On Thu 12-04-18 07:40:41, Naoya Horiguchi wrote:
> On Thu, Apr 12, 2018 at 08:18:59AM +0200, Michal Hocko wrote:
> > On Wed 11-04-18 17:09:25, Naoya Horiguchi wrote:
> > > Hi everyone,
> > > 
> > > I wrote patches introducing separate vm event counters for hugepage migration
> > > (both for hugetlb and thp.)
> > > Hugepage migration is different from normal page migration in event frequency
> > > and/or how likely it succeeds, so maintaining statistics for them in mixed
> > > counters might not be helpful both for develors and users.
> > 
> > This is quite a lot of code to be added se we should better document
> > what it is intended for. Sure I understand your reasonaning about huge
> > pages are more likely to fail but is this really worth a separate
> > counter? Do you have an example of how this would be useful?
> 
> Our customers periodically collect some log info to understand what
> happened after system failures happen.  Then if we have separate counters
> for hugepage migration and the values show some anomaly, that might
> help admins and developers understand the issue more quickly.
> We have other ways to get this info like checking /proc/pid/pagemap and
> /proc/kpageflags, but they are costly and most users decide not to
> collect them in periodical logging.

Wouldn't tracepoints be more suitable for that purpose?
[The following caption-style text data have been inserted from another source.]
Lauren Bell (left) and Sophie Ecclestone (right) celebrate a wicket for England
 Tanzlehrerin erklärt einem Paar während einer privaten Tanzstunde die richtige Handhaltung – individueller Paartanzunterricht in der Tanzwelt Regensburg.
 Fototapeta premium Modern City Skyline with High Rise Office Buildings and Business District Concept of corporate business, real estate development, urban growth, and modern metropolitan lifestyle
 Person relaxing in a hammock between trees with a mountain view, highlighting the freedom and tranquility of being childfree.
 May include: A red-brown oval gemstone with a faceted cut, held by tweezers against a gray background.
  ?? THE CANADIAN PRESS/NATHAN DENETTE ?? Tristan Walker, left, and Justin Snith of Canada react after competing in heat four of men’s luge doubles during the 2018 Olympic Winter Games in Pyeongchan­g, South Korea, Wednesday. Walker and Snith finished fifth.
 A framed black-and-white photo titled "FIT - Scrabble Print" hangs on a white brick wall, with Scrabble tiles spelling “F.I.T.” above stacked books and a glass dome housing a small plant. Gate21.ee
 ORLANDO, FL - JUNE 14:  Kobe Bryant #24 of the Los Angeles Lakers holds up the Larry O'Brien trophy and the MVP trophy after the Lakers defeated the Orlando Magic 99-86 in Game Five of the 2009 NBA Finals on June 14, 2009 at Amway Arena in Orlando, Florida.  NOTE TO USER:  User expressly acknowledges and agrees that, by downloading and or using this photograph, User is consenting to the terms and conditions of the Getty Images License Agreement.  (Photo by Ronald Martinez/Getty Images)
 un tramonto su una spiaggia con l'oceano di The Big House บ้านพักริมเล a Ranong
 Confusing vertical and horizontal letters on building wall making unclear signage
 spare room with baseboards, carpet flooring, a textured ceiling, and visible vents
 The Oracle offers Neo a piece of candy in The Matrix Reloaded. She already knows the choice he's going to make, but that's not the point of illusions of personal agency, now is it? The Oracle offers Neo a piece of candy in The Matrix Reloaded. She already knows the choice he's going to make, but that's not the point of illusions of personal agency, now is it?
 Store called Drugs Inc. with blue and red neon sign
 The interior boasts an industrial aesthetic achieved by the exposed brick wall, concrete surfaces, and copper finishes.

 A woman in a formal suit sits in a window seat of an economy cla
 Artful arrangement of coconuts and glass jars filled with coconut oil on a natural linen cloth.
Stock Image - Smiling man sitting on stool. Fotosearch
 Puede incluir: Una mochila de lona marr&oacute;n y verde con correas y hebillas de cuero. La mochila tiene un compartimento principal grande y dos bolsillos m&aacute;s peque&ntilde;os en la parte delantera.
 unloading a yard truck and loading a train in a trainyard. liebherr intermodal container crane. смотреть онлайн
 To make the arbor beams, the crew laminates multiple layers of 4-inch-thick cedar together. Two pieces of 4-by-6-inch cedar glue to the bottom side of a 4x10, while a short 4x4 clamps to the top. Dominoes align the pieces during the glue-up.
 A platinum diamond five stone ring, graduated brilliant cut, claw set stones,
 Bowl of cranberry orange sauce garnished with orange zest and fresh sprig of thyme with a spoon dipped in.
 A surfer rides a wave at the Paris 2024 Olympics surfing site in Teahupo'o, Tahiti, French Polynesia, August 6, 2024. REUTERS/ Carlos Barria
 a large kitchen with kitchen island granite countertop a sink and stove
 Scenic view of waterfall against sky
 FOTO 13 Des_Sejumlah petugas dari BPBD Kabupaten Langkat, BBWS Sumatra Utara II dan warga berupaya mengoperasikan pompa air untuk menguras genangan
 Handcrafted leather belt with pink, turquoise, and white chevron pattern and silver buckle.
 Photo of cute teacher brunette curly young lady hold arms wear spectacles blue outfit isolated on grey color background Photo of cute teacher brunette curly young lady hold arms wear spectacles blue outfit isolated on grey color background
They can collect
more valuable information.

> > If we are there then what about different huge page sizes (for hugetlb)?
> > Do we need per-hstate stats?
> 
> Yes, per-hstate counters are better. And existing hugetlb counters
> htlb_buddy_alloc_* are also affected by this point.

The thing is that this would bloat the code and the vmstat output even more.
I am not really convinced this is a great idea for something that
tracepoints would handle as well.
-- 
Michal Hocko
SUSE Labs